Crystal Johnson, Activities Coordinator, said “Historically the building has always been closely linked to training and education, supporting the development of the local economy but also looking to add to the cultural offer of the town. In this vein we have developed good relationships with local colleges and training providers, with our thriving local net industry and with organisations focussing on local economic development and support. We will be working with these bodies to develop fit for purpose training facilities, work hub, meeting rooms, and small start-up office spaces in the building. Alongside this we will be exploring the history and heritage of the building and delivering a programme of related activities, workshops and talks. There will also be facilities that local groups can use for meetings, talks and events. A café on the ground floor will cater for users of the building but also provide public access to the most historically significant space within the building.
We are very excited about the potential of this project to deliver something completely new for the town, we know there are large numbers of people setting up or looking to develop their own businesses in the area and the LSI will provide a unique and aspirational venue to support this local growth.

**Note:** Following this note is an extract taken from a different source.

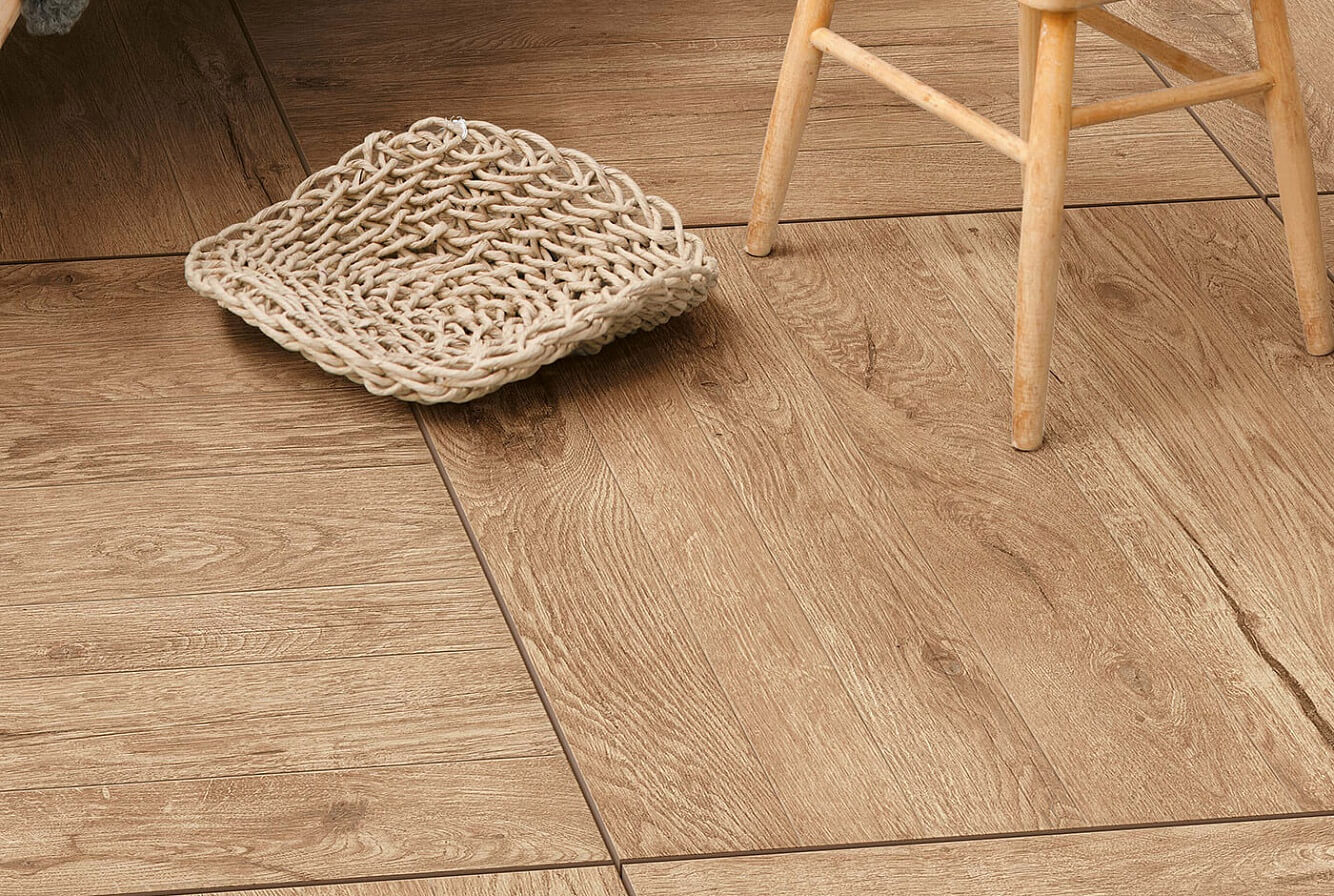 Плинтус Атлас Конкорд Оак Резерв/ Oak Reserve Дарк Браун 7,2x60
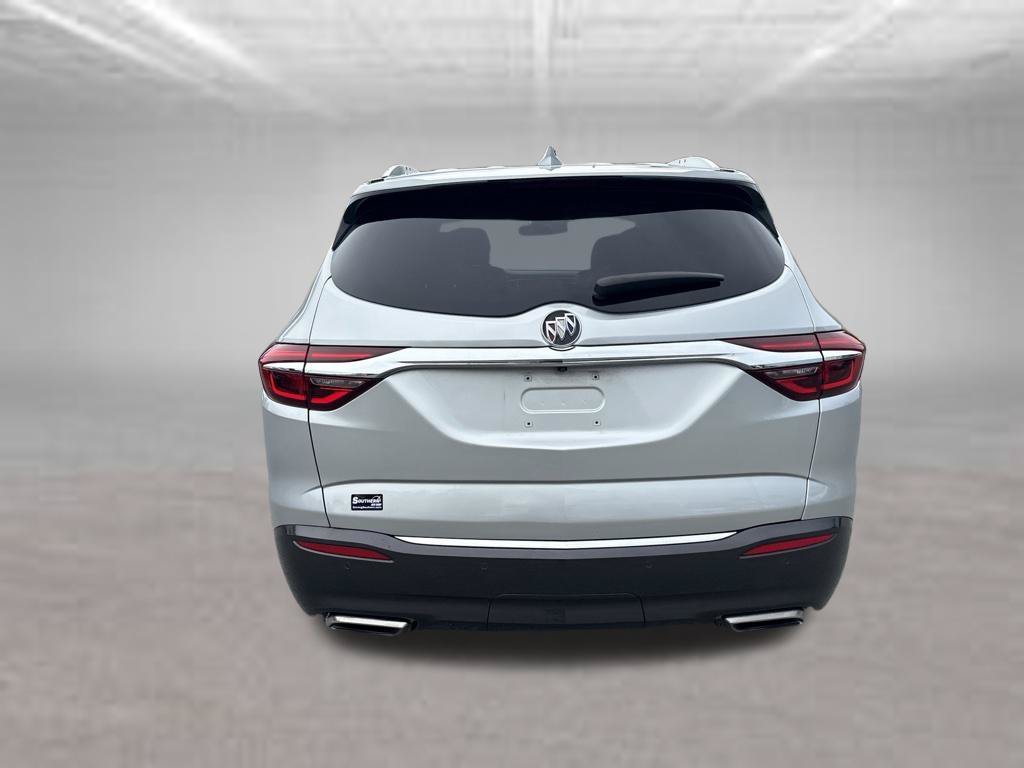 Used 2019 Silver Buick Essence image 4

In addition we are working closely with other heritage organisations in the town and through these partnerships we also hope to raise the profile and really celebrate our incredible cultural and industrial heritage.”
The Literary and Scientific Institute is a grade II* listed building and has been on English Heritage’s At Risk register since 2002. The project will completely restore the building, and also improve its facilities to ensure that it is fully accessible for everyone. Mike Carter said, “The building is in a very poor state and there are some significant structural issues that need to be addressed. We will be working closely with English Heritage, listed building officers and an experienced professional team to ensure that the restoration is sympathetic to its historic character and safeguards the building’s future.
We will be finalising the legal and funding agreements over the next few weeks with a view to starting the project in May. Initially there is a lot more detailed planning that needs to be completed before work can start on site so we are aiming to begin work on the building later this year. We anticipate that the restoration will take just under two years and hope to be able to reopen the building in early 2017. It is not an easy project due to the complexity of the restoration and the extent of work that needs to be undertaken to restore the building. The building has been slowly decaying over the past 17 years, we hope that everyone will bear with us for the next couple of years as inevitably there will be some short term inconveniences as we work to save this incredibly important building for the town and its future generations”.
The total cost of the project will be approximately £2.4m, but the majority of this funding is now confirmed, and includes support from HLF, English Heritage, Challenge Fund, Pilgrim Trust, Headley Trust, Dorset County Council, West Dorset District Council, and Bridport Town Council. Crystal Johnson said, “there is still about £140,000 to raise but we feel we are now on the home straight. We will be continuing with our fundraising efforts through the project delivery and we would welcome additional support or assistance. If anyone is interested to get involved, even if they could only offer and hour or two, we would love to hear from them. We are holding an informal meeting to talk about the plans for fundraising at The Stable on Monday 27 April – please do drop in between 5.30pm and 6.30pm”.